The purpose of this blog-a-thon is to take the next logical step and delve into Hawks' earlier career, which for the purposes of this venture I'm somewhat arbitrarily defining as the films he made before Bringing Up Baby, his first widely famous screwball comedy. I won't be tackling his early silent films myself (except for A Girl In Every Port), but if anyone else would like to write about those films, I'd welcome the contributions. My own work on the blog-a-thon will mostly be limited to the films made between 1930 and 1936, including codirectional efforts where Hawks replaced another director or was himself replaced by studio meddling. I probably won't be revisiting the two films from this period I've already seen, but again any writing from others about either Scarface or Twentieth Century will be very much appreciated.

In general, I'd like this blog-a-thon to be a broad and varied appraisal of Hawks' early work, with reviews of the individual films as well as essays that attempt to put the early period in context as a whole and in relation to the later, better-known films.

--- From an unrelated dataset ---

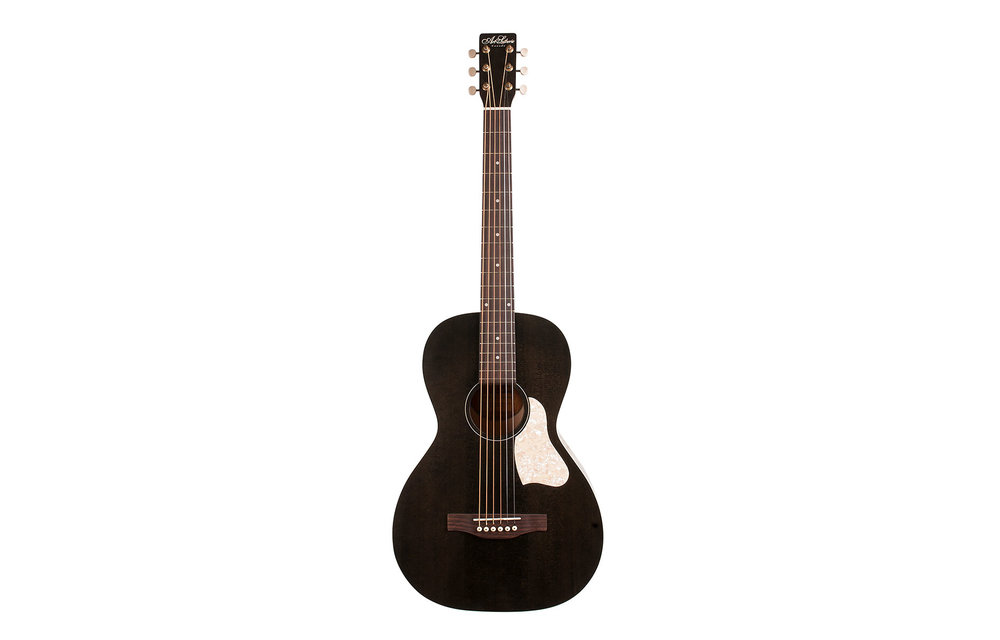 Art & Lutherie - Roadhouse Faded Black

I suspect there are enough Hawksians out there to generate a lively and prolific blog-a-thon, and I hope to see a lot of cross-talk, debate, and discussion involved in this project. Among other things, I would like to see participants take up the questions and ideas of other contributors as starting points for their own writing. If you'd like to participate, let me know either here or by e-mail, or just write a post on some of these films between January 12-23 and send me the link so I can post it here.

I am announcing this far in advance to give people a chance to locate and see these films, most of which (including all of the silents) are not available on DVD in any form. Of the early 30s films, only Scarface, Twentieth Century, Barbary Coast, and Come and Get It can be found on Region 1 DVD (with links below). All the rest of the sound films (and maybe one or two silents) can be seen via varying but mostly surprisingly good quality bootlegs, available for download in various places. If you have any questions about acquiring these films, please contact me privately.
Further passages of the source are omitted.